- [Task item] Please output the records below word for word and omit the pictures.

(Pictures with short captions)
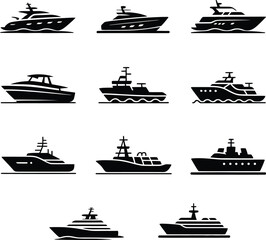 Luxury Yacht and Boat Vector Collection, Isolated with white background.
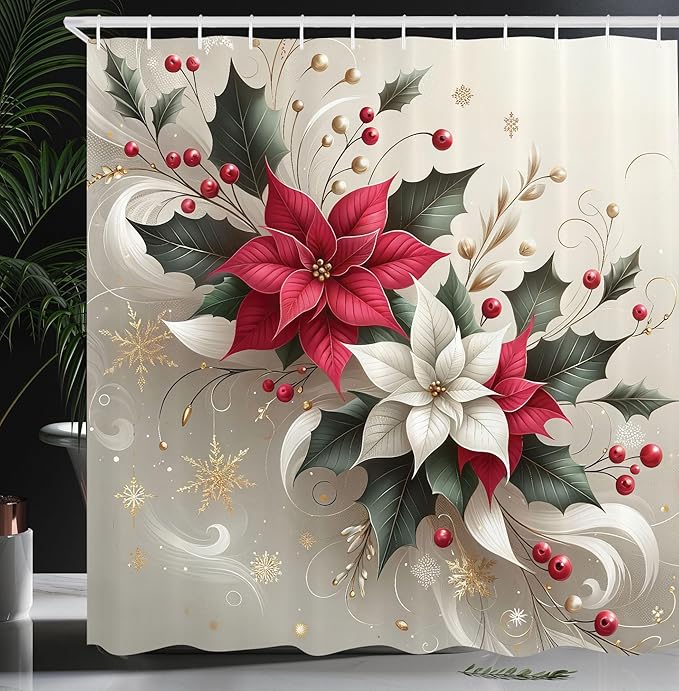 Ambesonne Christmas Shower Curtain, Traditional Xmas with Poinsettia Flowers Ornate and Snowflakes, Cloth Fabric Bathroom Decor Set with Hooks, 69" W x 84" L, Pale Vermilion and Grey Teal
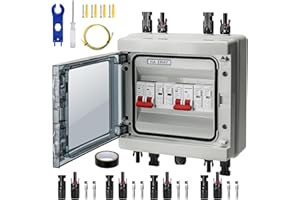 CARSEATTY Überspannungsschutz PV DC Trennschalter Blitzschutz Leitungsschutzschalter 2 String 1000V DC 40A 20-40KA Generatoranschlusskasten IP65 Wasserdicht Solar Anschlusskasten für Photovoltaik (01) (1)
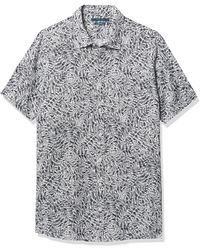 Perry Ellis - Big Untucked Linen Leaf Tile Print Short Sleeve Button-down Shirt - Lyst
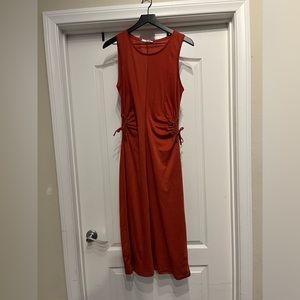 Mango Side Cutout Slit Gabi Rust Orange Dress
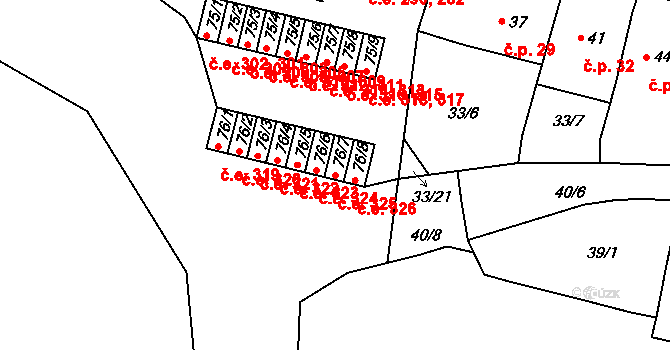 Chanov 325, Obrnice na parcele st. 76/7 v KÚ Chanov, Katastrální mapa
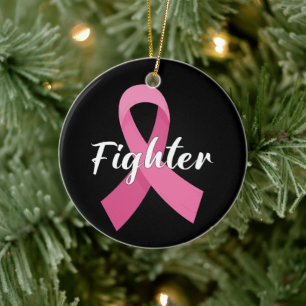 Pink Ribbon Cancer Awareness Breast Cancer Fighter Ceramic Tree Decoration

- [Written solution]
 Luxury Yacht and Boat Vector Collection, Isolated with white background.
 Ambesonne Christmas Shower Curtain, Traditional Xmas with Poinsettia Flowers Ornate and Snowflakes, Cloth Fabric Bathroom Decor Set with Hooks, 69" W x 84" L, Pale Vermilion and Grey Teal
 CARSEATTY Überspannungsschutz PV DC Trennschalter Blitzschutz Leitungsschutzschalter 2 String 1000V DC 40A 20-40KA Generatoranschlusskasten IP65 Wasserdicht Solar Anschlusskasten für Photovoltaik (01) (1)
 Perry Ellis - Big Untucked Linen Leaf Tile Print Short Sleeve Button-down Shirt - Lyst
 Mango Side Cutout Slit Gabi Rust Orange Dress
 Chanov 325, Obrnice na parcele st. 76/7 v KÚ Chanov, Katastrální mapa
 Pink Ribbon Cancer Awareness Breast Cancer Fighter Ceramic Tree Decoration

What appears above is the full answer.